Depoimentos mais recentes, de agentes bem situados no mercado financeiro e na imprensa de negócios, abordam a ameaça de recessão crônica. Os exemplos a seguir são do período posterior à crise subprime e anterior ao surgimento da presente pandemia.
O economista-chefe do banco francês Natixis, Patrick Artus, escreve, em 2016, em seu livro A Loucura dos Bancos Centrais, sobre uma recessão estrutural, critica a expansão monetária dos bancos centrais e prevê nova crise, maior que a de 2007-2008, porque “tal distorção entre a criação de dinheiro e a criação de riquezas, entre os mercados e a economia real, não pode durar para sempre. O ajuste é inevitável porque, no longo prazo, a realidade sempre se impõe”.
Em maio de 2018, o ex-vice-presidente da Bolsa de Valores de Nova York, Georges Ugueux, arriscou-se até a anunciar uma data: “Não sabemos o dia nem a hora, mas não podemos mais ignorar o risco de um tsunami que irá abater-se sobre nossas economias, no mais tardar, até o fim de 2020…”.
Na véspera do G7 realizado em agosto de 2019, a ameaça de recessão era mais grave: “Desde 2009” – escreveu o jornal francês de negócios Les Echos – “nunca houve tantos investidores prevendo uma entrada em recessão da economia estadunidense nos próximos doze meses. A última pesquisa do Bank of America-Merril Lynch com gestores de ativos revela que, hoje, quase 1/3 deles está apostando neste cenário”. O jornal afirma: “Na realidade, o coronavírus apenas acentuou uma tendência já em curso”.
O comércio mundial vinha desacelerando há meses sob os efeitos da “guerra comercial” de Trump contra a China. As primeiras medidas e nomeações do presidente Biden mostram que a “guerra” contra a China continuará sob formas parcialmente distintas no plano formal, mas com o mesmo conteúdo. Essa “guerra” é produto direto do enorme tamanho do déficit comercial externo e da dívida pública estadunidenses e a crise política e social do país, cuja imagem são as imensas manifestações da juventude contra o racismo.
Em suma, raramente os sinais da iminência de uma grande crise em todo o sistema se manifestaram com tanta força. E tudo isso muito antes que surgissem na China, em dezembro de 2019, os primeiros sinais da pandemia. A crise não precisava do coronavírus para ser deflagrada. Os boletins do FMI em 2019 também chamavam a atenção para as fragilidades da suposta recuperação mundial, alertando que o fantasma de nova recessão não estava afastado.
A maioria dos planos que estão sendo aplicados agora já estava pronta antes.
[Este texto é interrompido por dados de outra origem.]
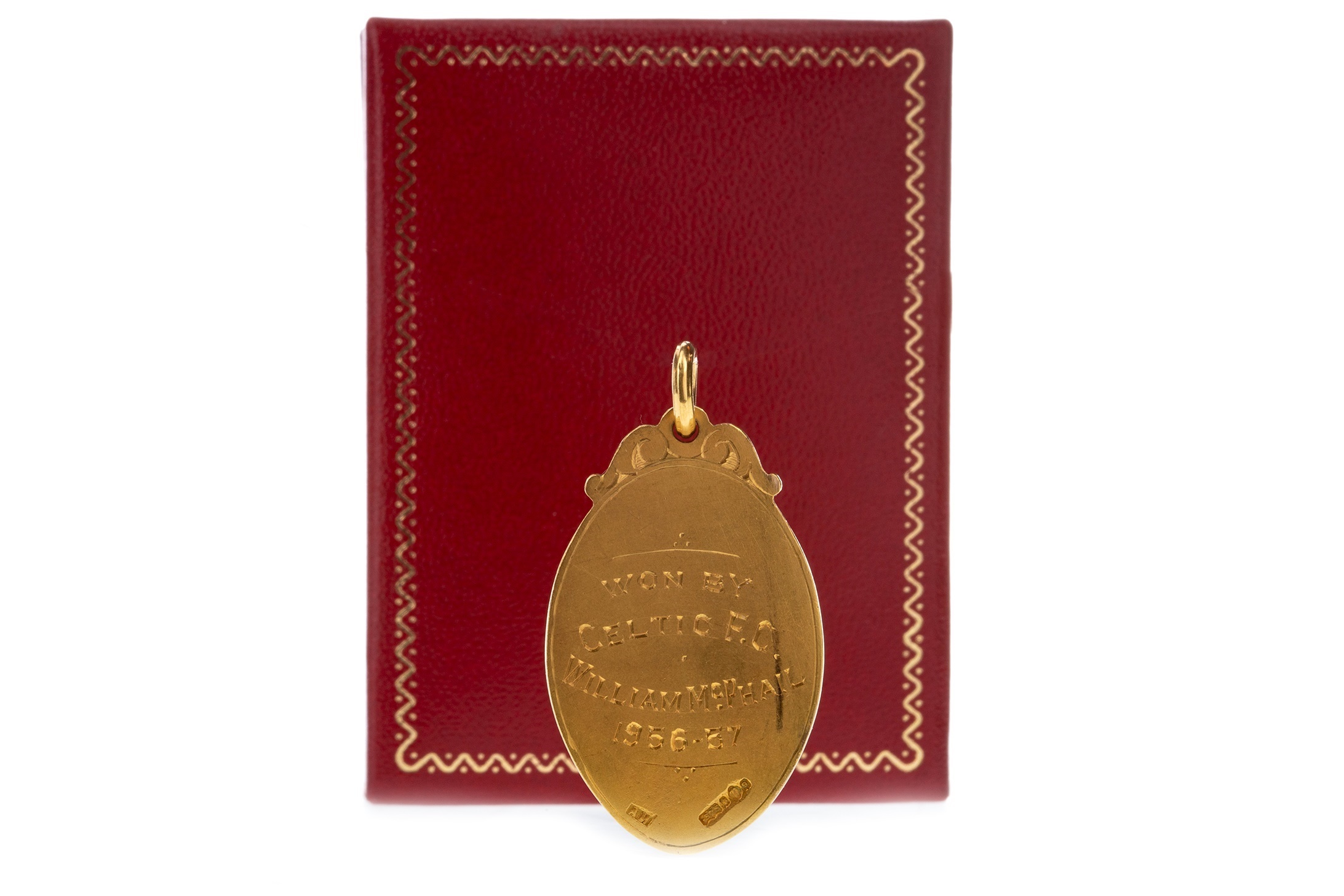 A SCOTTISH LEAGUE CUP GOLD MEDAL 1957 WON BY CELTIC F.C. - Image 2 of 2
Estes planos foram constantemente adiados, como efeito da resistência social contra a desregulamentação do trabalho, em particular nos países avançados, na defesa do que resta do Estado de Bem-estar Social. Por maiores que tenham sido os ataques e as medidas de desmantelamento das conquistas da classe trabalhadora nas últimas quatro décadas, permanecem ainda importantes direitos naqueles países, graças à resistência de sindicatos e movimentos sociais.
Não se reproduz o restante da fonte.